▶ _Goal of the exercise_: From the entries that follow, reproduce exactly and only the lines from the line with "3rd image of 24-51 38th St APT 8C" to the line with "Самсунг а32 128/8", endpoints included.

▶ _Extracted information_:
= = = = = = =

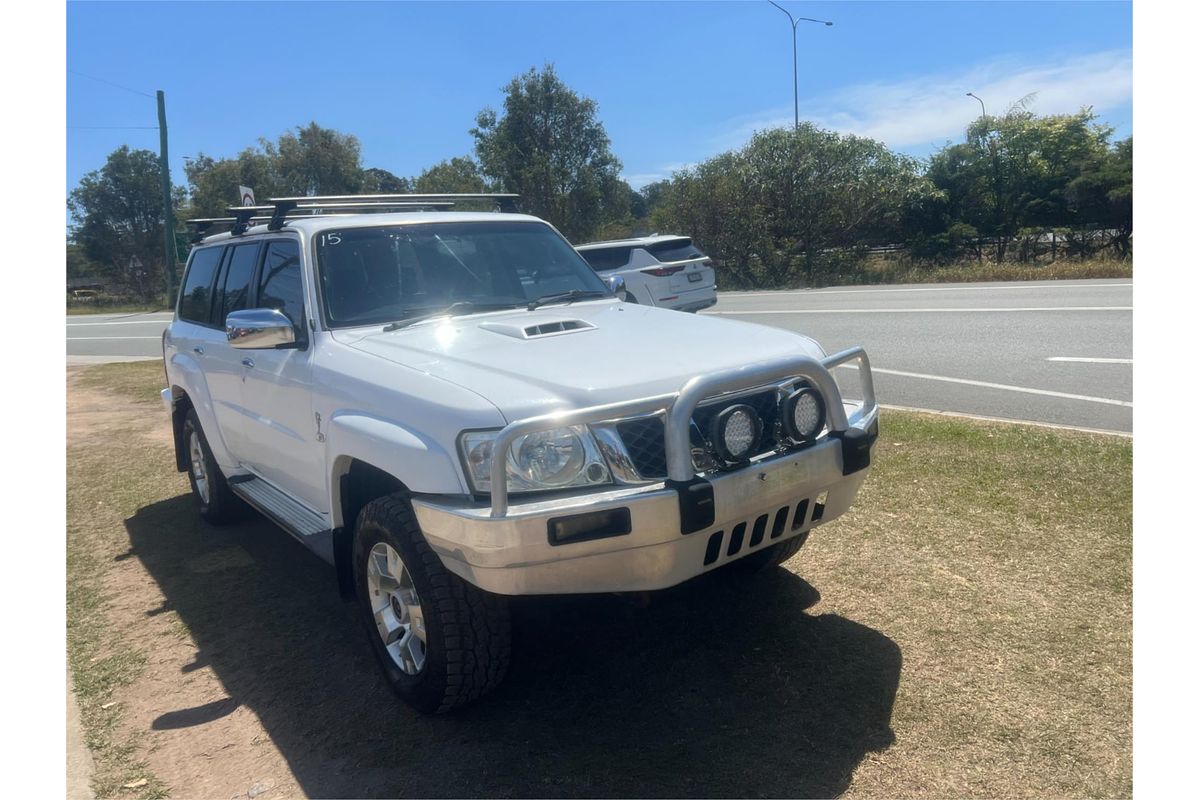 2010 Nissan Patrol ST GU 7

= = = = = = =

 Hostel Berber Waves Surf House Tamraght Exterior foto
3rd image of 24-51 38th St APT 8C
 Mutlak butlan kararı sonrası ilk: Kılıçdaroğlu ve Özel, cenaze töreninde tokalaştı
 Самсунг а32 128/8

= = = = = = =

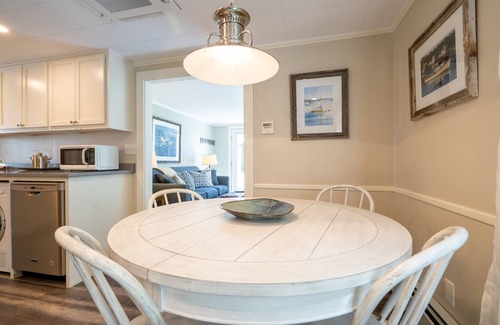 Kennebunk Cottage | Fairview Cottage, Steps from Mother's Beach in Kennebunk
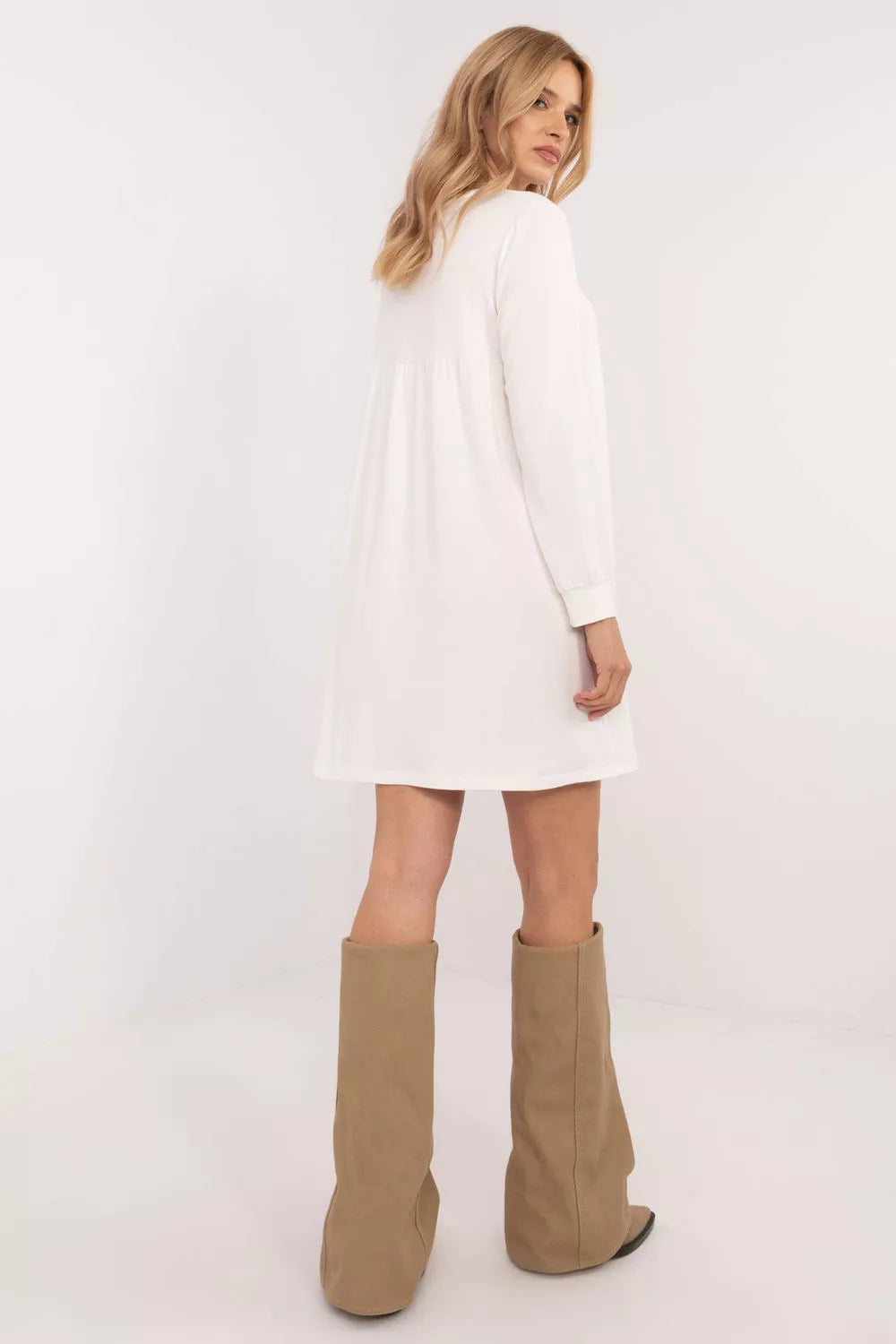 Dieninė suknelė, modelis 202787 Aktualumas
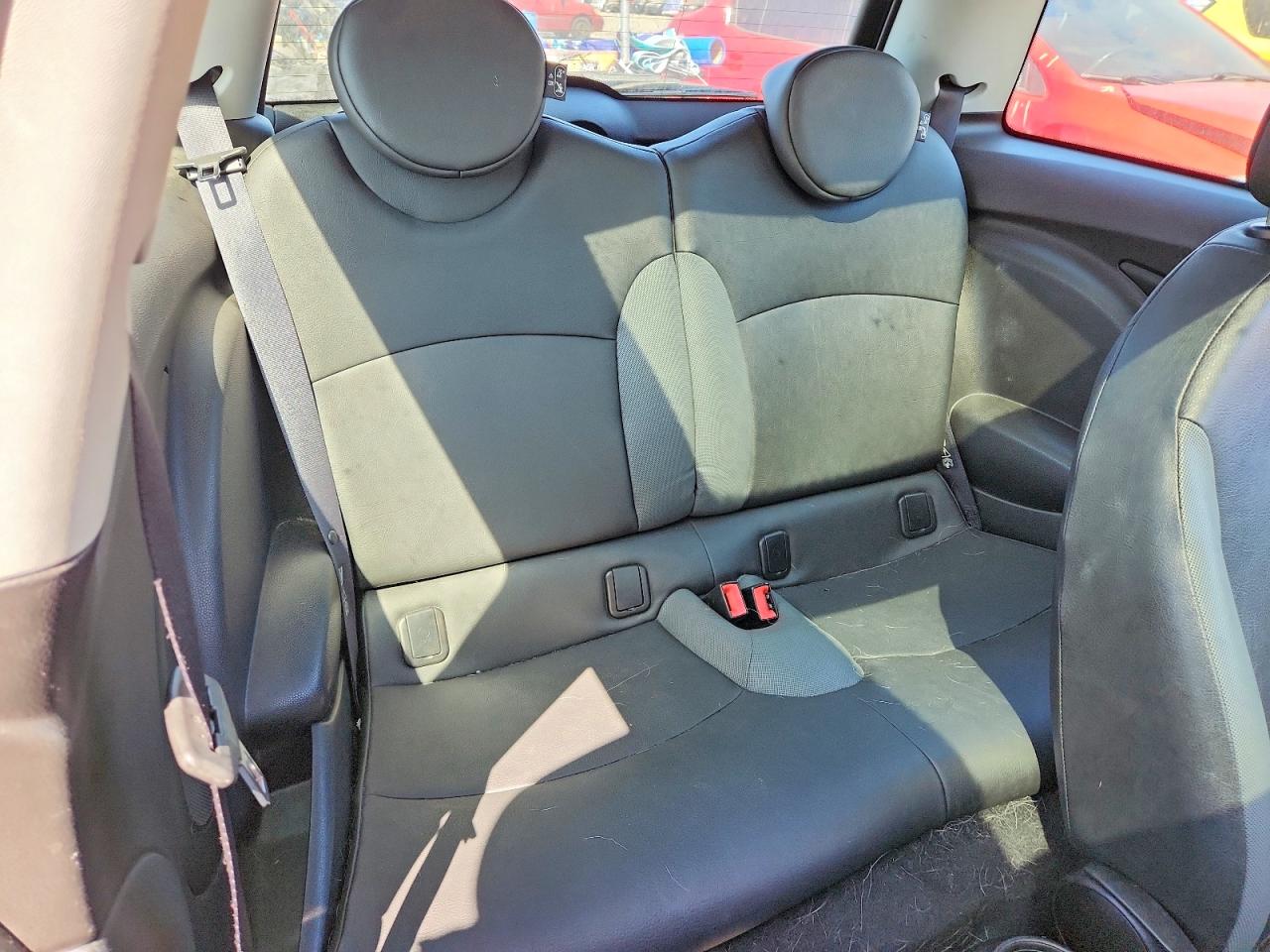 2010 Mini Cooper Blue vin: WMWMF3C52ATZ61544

= = = = = = =

▶ _Reply to the exercise_:
3rd image of 24-51 38th St APT 8C
 Mutlak butlan kararı sonrası ilk: Kılıçdaroğlu ve Özel, cenaze töreninde tokalaştı
 Самсунг а32 128/8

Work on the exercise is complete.